Work task:
Return the records below in full. Keep every word exact and skip the images.

Source information:
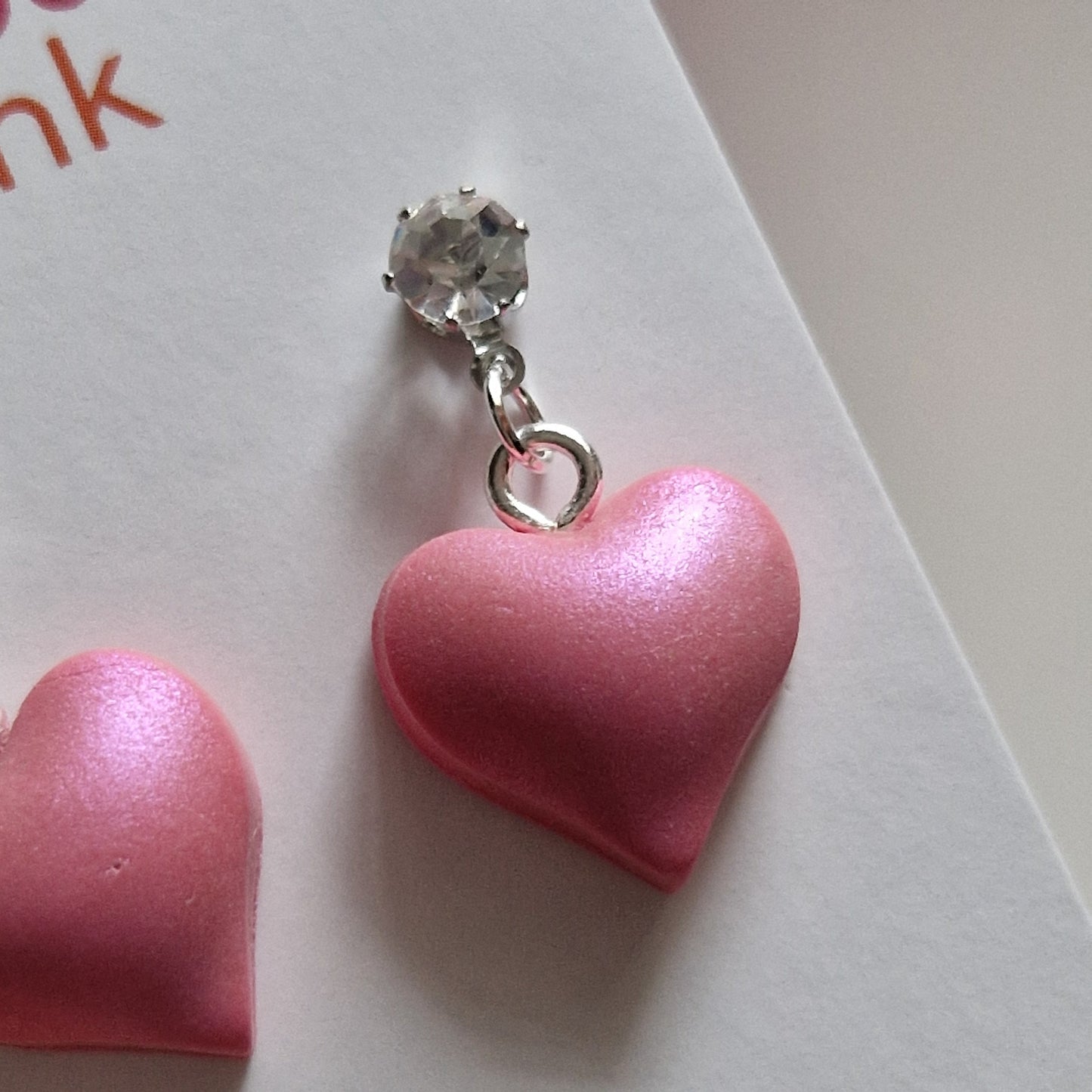 Clay Puffy Heart Earrings - Pink Pearl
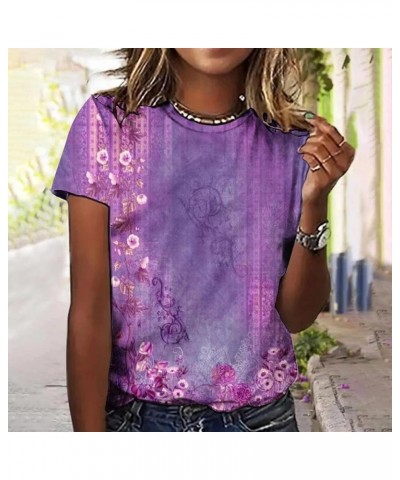 Womens Short Sleeve Blouse Tops Round Neck Tunic Print Tops 2024 Spring Tee Daily Casual Shirt 5-purple $7.94 Tops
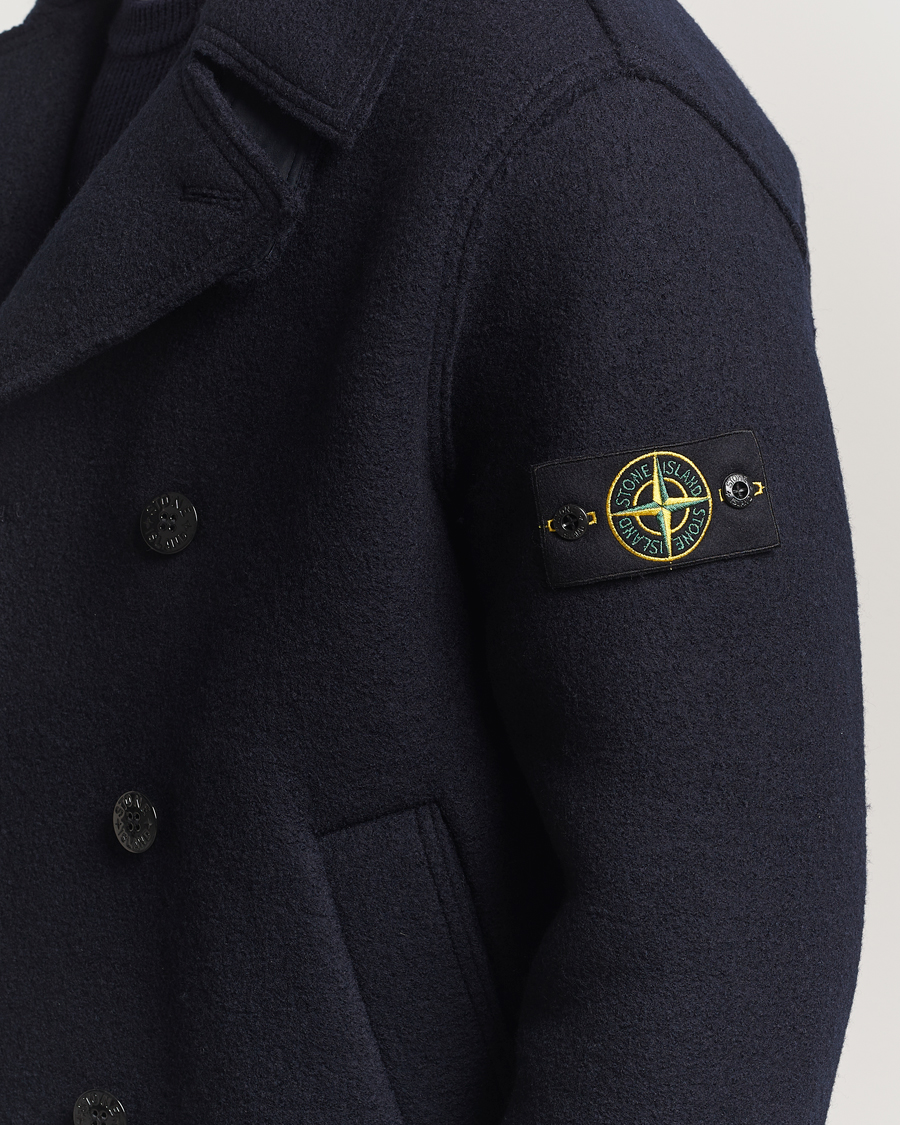 Uomini | Giacche | Stone Island | Double Breasted Felted Wool Peacoat Navy
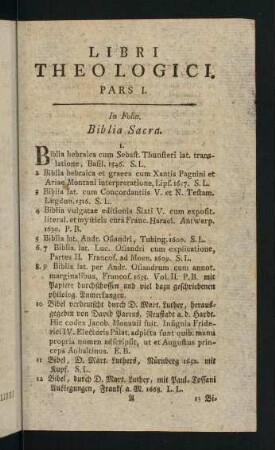 1-11, Biblia Sacra. - Patres et scriptores ecclesiastici.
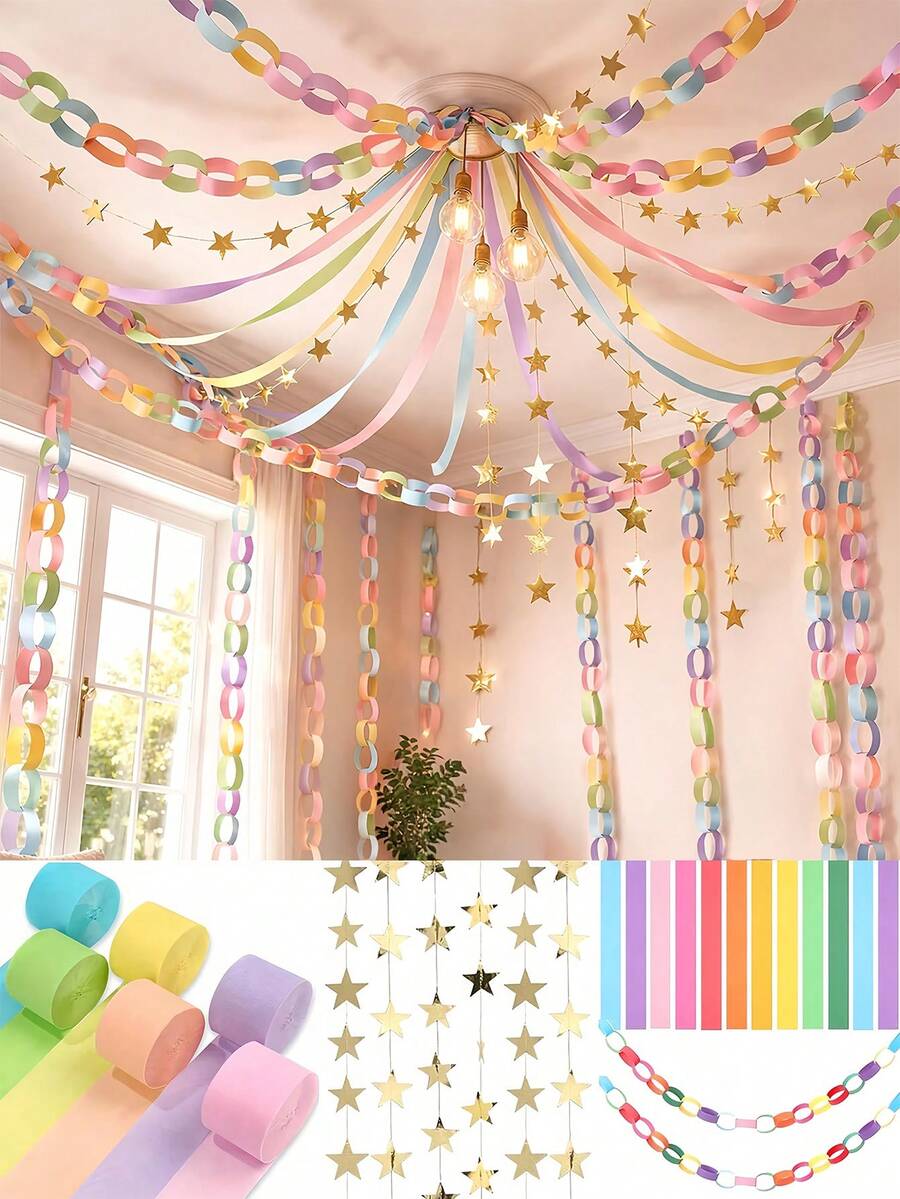 1 Set Macaron Color Birthday Party Decoration Kit - 197ft Crepe Paper Ribbon And 100 Paper Strips (For Making Chains) - 20ft Double-Sided Gold Star Garland Backdrop, Suitable For Birthday, Wedding, Macaron Theme Party Decoration And DIY Crafts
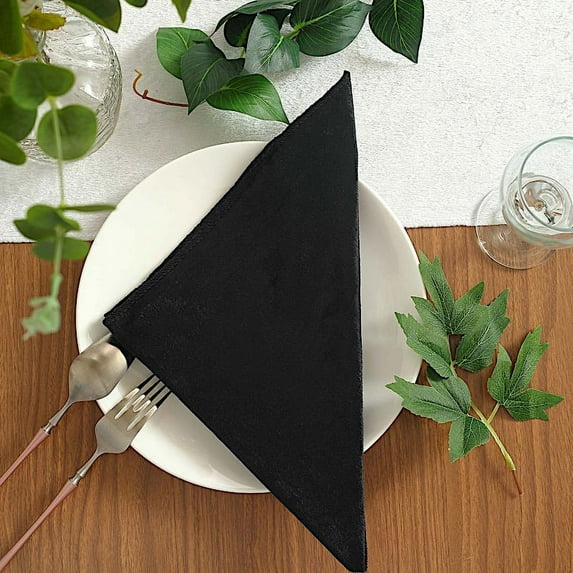 Balsa Circle 100 Pieces 20" x 20" Black Premium Velvet Napkins Home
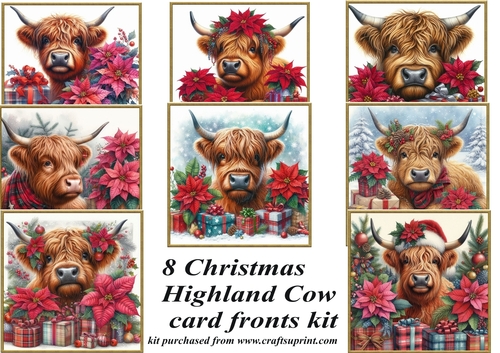 8 Christmas Highland cow card fronts kit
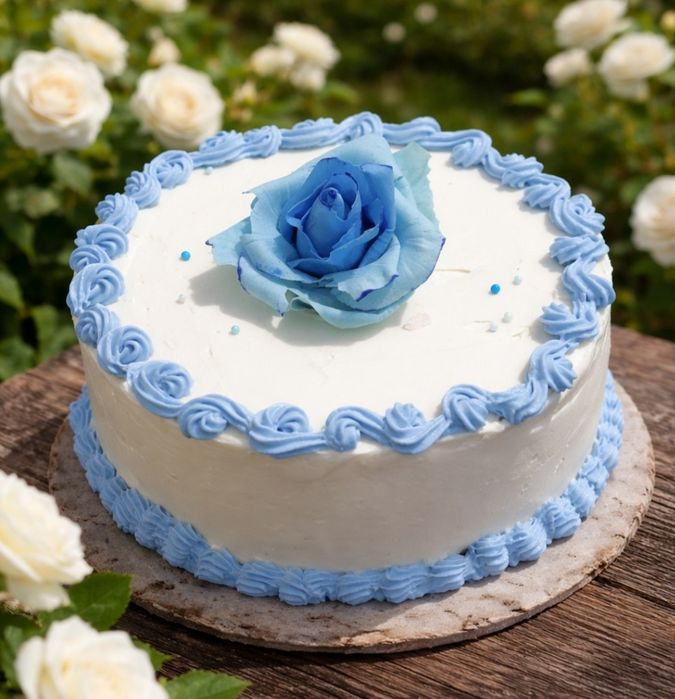 Торт на заказ. Цветы из мастики съедобные.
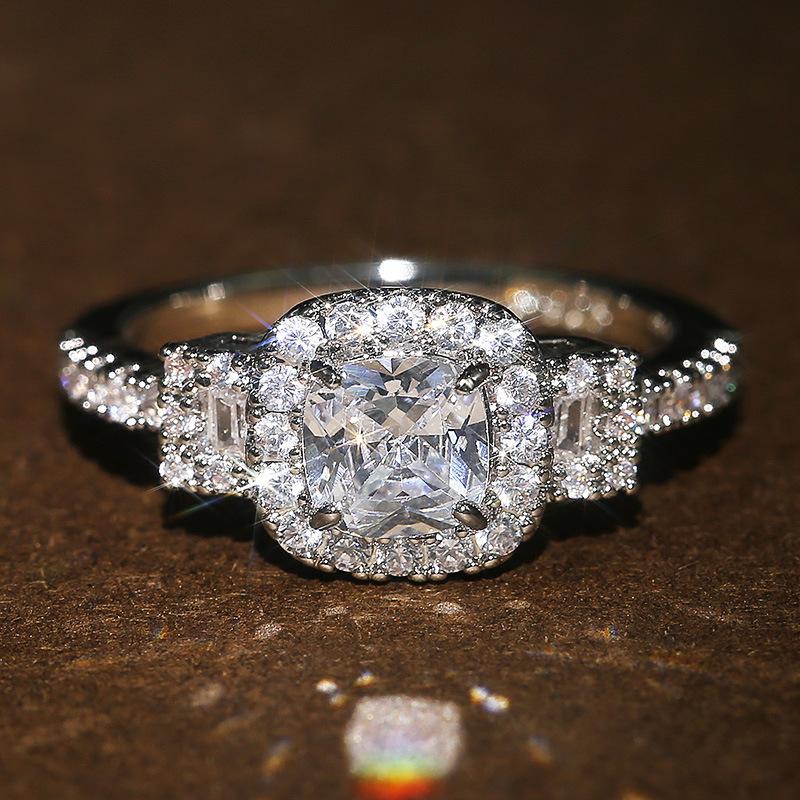 Recommended, Classic Women'S Micro-Set Zircon Wedding Ring, Hand Jewelry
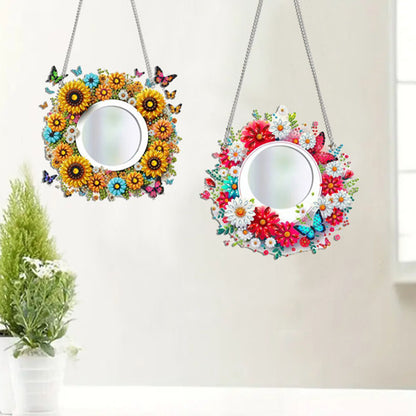 2D Flat DIY Diamond Art Mirror Pendant Diamond Painting Set Wall Door Decoration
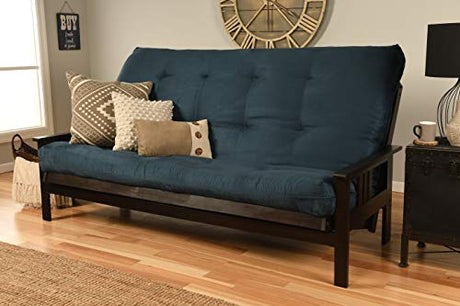 Kodiak Furniture Queen-Size Traditional Suede Fabric Futon Mattress in Blue Kodiak Furniture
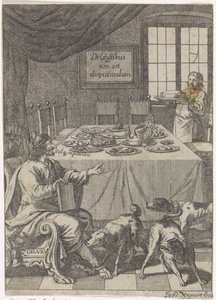 Zoilus sitter vid ett dukat bord De Gustibus non est disputandum (titel på objekt) av Justus van den Nijpoort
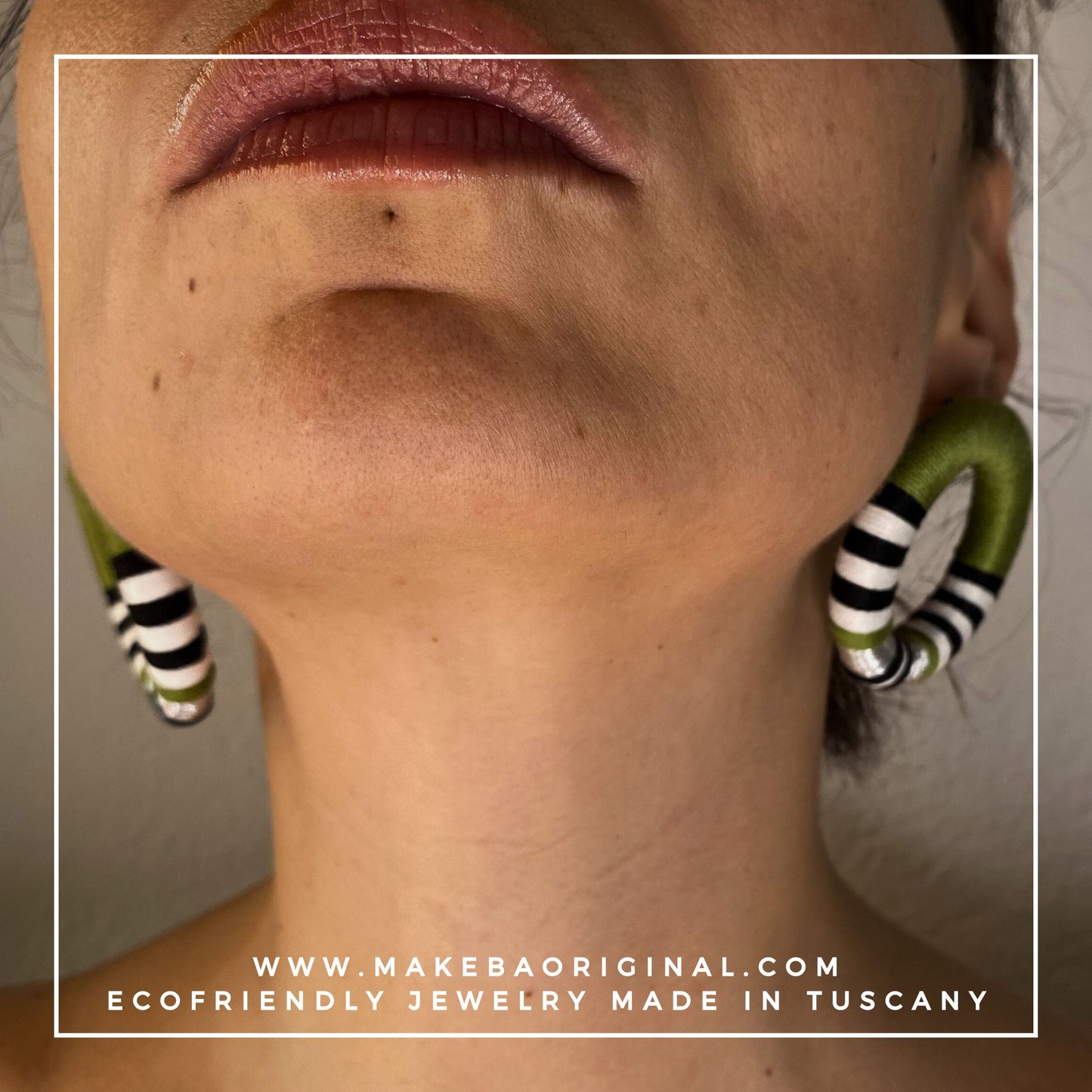 Orecchini Maxi Cleo - Verde oliva silver argento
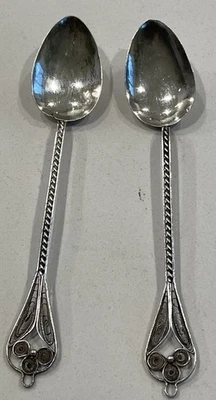 Antique HANDMADE SILVER Plated Wire Thin Spoon Pair - Image 1 of 4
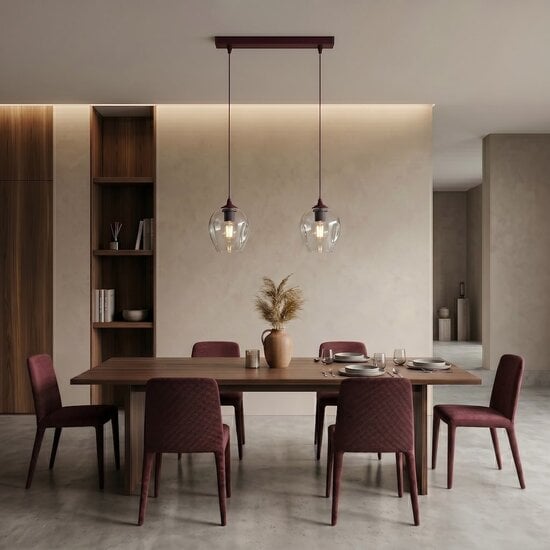 Emibig Emibig ISTAR 2 BURGUND TRANSPARENT - Lampe suspendue moderne pour un éclairage élégant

Reply:
 Clay Puffy Heart Earrings - Pink Pearl
 Womens Short Sleeve Blouse Tops Round Neck Tunic Print Tops 2024 Spring Tee Daily Casual Shirt 5-purple $7.94 Tops
 Uomini | Giacche | Stone Island | Double Breasted Felted Wool Peacoat Navy
 1-11, Biblia Sacra. - Patres et scriptores ecclesiastici.
 1 Set Macaron Color Birthday Party Decoration Kit - 197ft Crepe Paper Ribbon And 100 Paper Strips (For Making Chains) - 20ft Double-Sided Gold Star Garland Backdrop, Suitable For Birthday, Wedding, Macaron Theme Party Decoration And DIY Crafts
 Balsa Circle 100 Pieces 20" x 20" Black Premium Velvet Napkins Home
 8 Christmas Highland cow card fronts kit
 Торт на заказ. Цветы из мастики съедобные.
 Recommended, Classic Women'S Micro-Set Zircon Wedding Ring, Hand Jewelry
 2D Flat DIY Diamond Art Mirror Pendant Diamond Painting Set Wall Door Decoration
 Kodiak Furniture Queen-Size Traditional Suede Fabric Futon Mattress in Blue Kodiak Furniture
 Zoilus sitter vid ett dukat bord De Gustibus non est disputandum (titel på objekt) av Justus van den Nijpoort
 Orecchini Maxi Cleo - Verde oliva silver argento
 Antique HANDMADE SILVER Plated Wire Thin Spoon Pair - Image 1 of 4
 Emibig Emibig ISTAR 2 BURGUND TRANSPARENT - Lampe suspendue moderne pour un éclairage élégant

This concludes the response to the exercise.